» Instructions to follow:
Among the entries below, take the line with "Obraz Led battery" and the line with "peeling off paper backing of fusible web", and output them and every line between them exactly, with nothing else.

» Record set:

"""

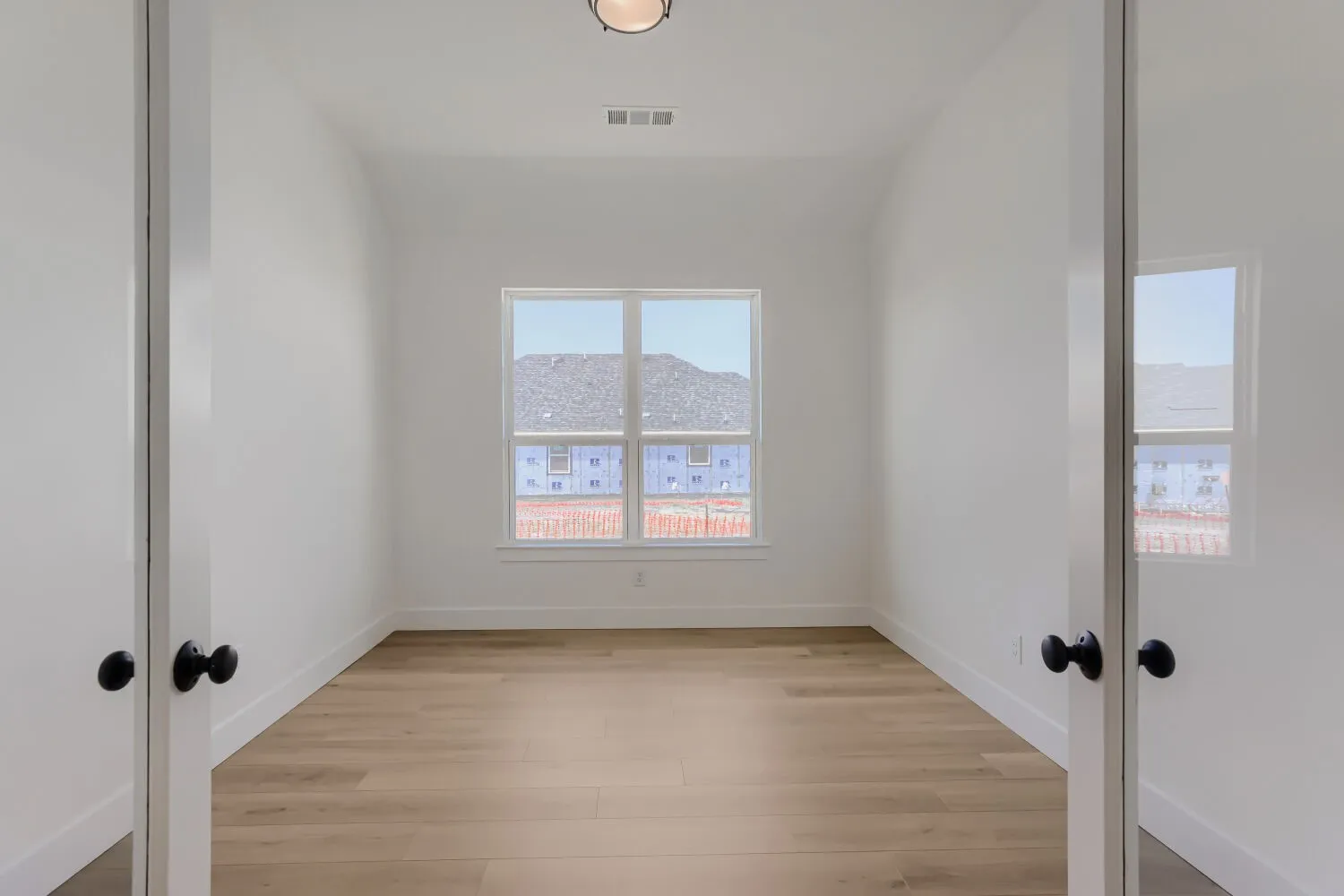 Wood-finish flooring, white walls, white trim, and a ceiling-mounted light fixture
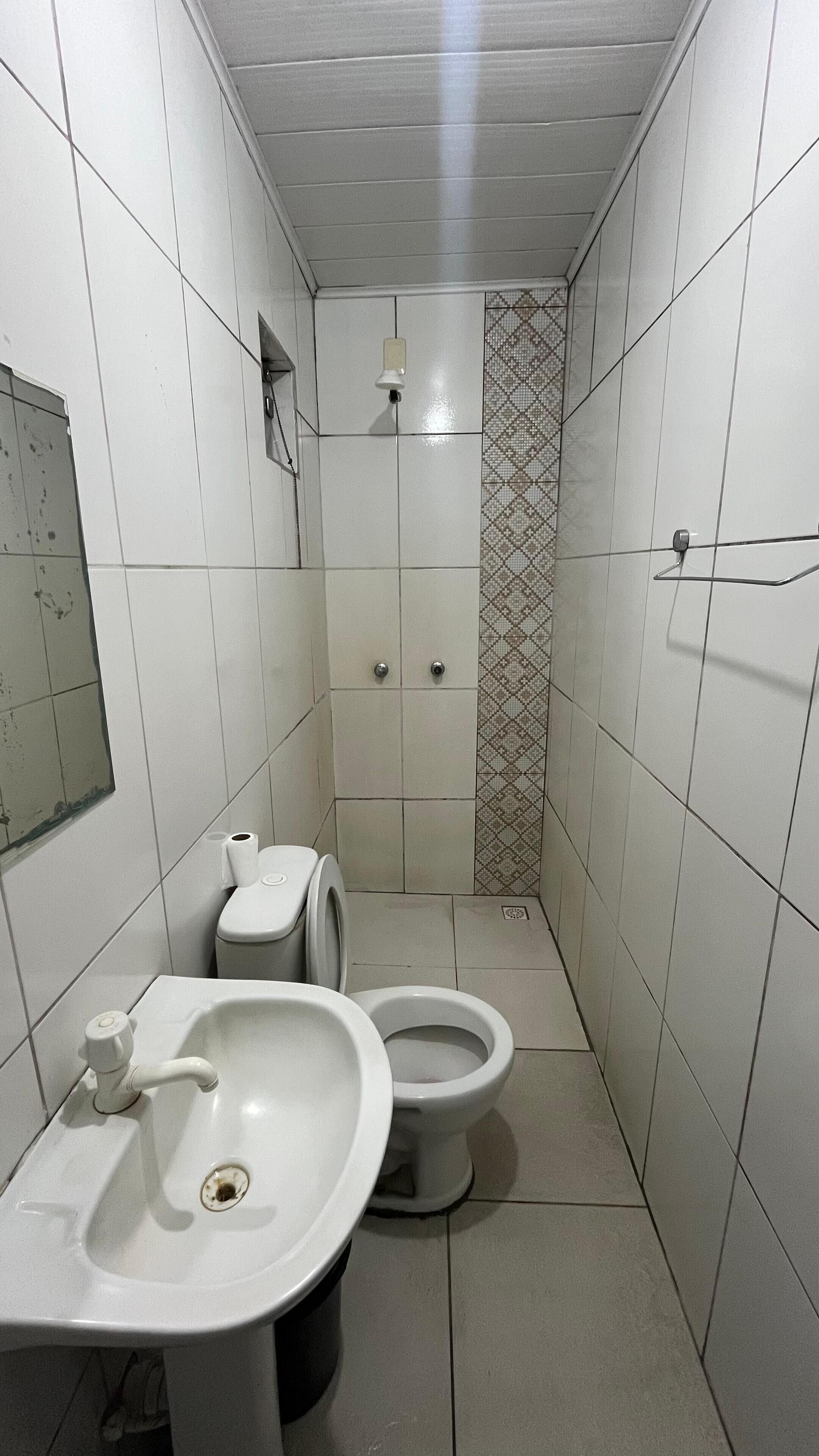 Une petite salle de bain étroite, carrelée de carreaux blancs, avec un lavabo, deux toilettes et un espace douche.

"""
"""

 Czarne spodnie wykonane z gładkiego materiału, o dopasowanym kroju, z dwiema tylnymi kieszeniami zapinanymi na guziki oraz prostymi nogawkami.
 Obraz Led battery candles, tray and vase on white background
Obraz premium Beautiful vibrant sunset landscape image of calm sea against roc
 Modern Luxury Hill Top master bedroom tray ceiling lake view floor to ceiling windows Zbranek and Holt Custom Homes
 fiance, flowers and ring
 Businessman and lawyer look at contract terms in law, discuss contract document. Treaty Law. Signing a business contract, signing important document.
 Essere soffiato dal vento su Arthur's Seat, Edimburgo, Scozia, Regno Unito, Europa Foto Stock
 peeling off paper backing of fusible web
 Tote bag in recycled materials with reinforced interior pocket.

"""
"""

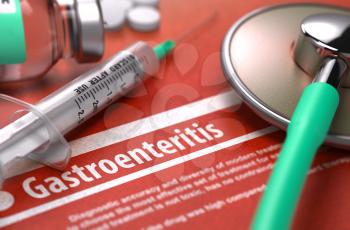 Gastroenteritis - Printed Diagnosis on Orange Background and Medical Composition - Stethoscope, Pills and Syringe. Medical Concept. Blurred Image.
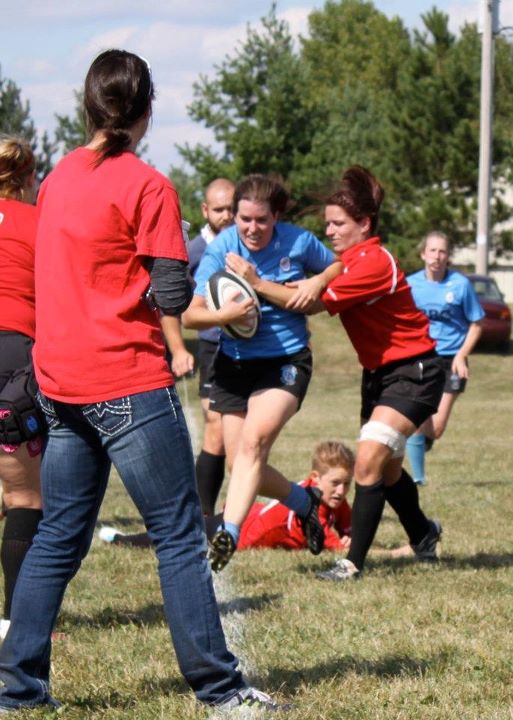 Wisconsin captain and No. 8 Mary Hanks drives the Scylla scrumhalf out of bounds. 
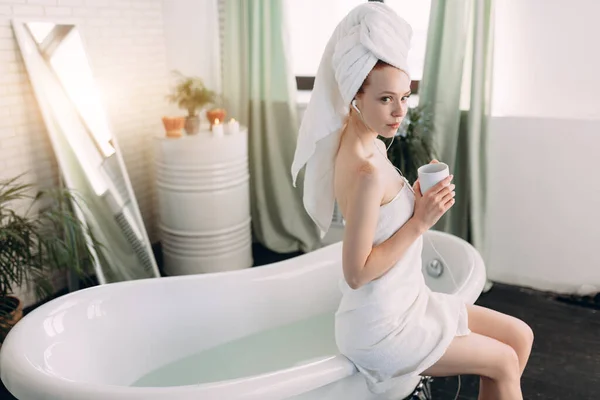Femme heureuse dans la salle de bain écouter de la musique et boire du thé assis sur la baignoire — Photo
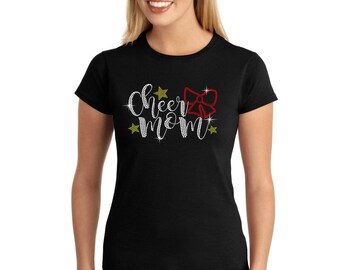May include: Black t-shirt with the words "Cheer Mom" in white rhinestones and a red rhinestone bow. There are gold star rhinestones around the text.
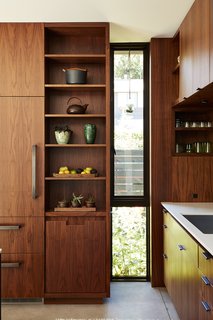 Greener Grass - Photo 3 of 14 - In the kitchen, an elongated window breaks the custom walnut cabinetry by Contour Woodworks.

"""

» Answer space:
 Obraz Led battery candles, tray and vase on white background
Obraz premium Beautiful vibrant sunset landscape image of calm sea against roc
 Modern Luxury Hill Top master bedroom tray ceiling lake view floor to ceiling windows Zbranek and Holt Custom Homes
 fiance, flowers and ring
 Businessman and lawyer look at contract terms in law, discuss contract document. Treaty Law. Signing a business contract, signing important document.
 Essere soffiato dal vento su Arthur's Seat, Edimburgo, Scozia, Regno Unito, Europa Foto Stock
 peeling off paper backing of fusible web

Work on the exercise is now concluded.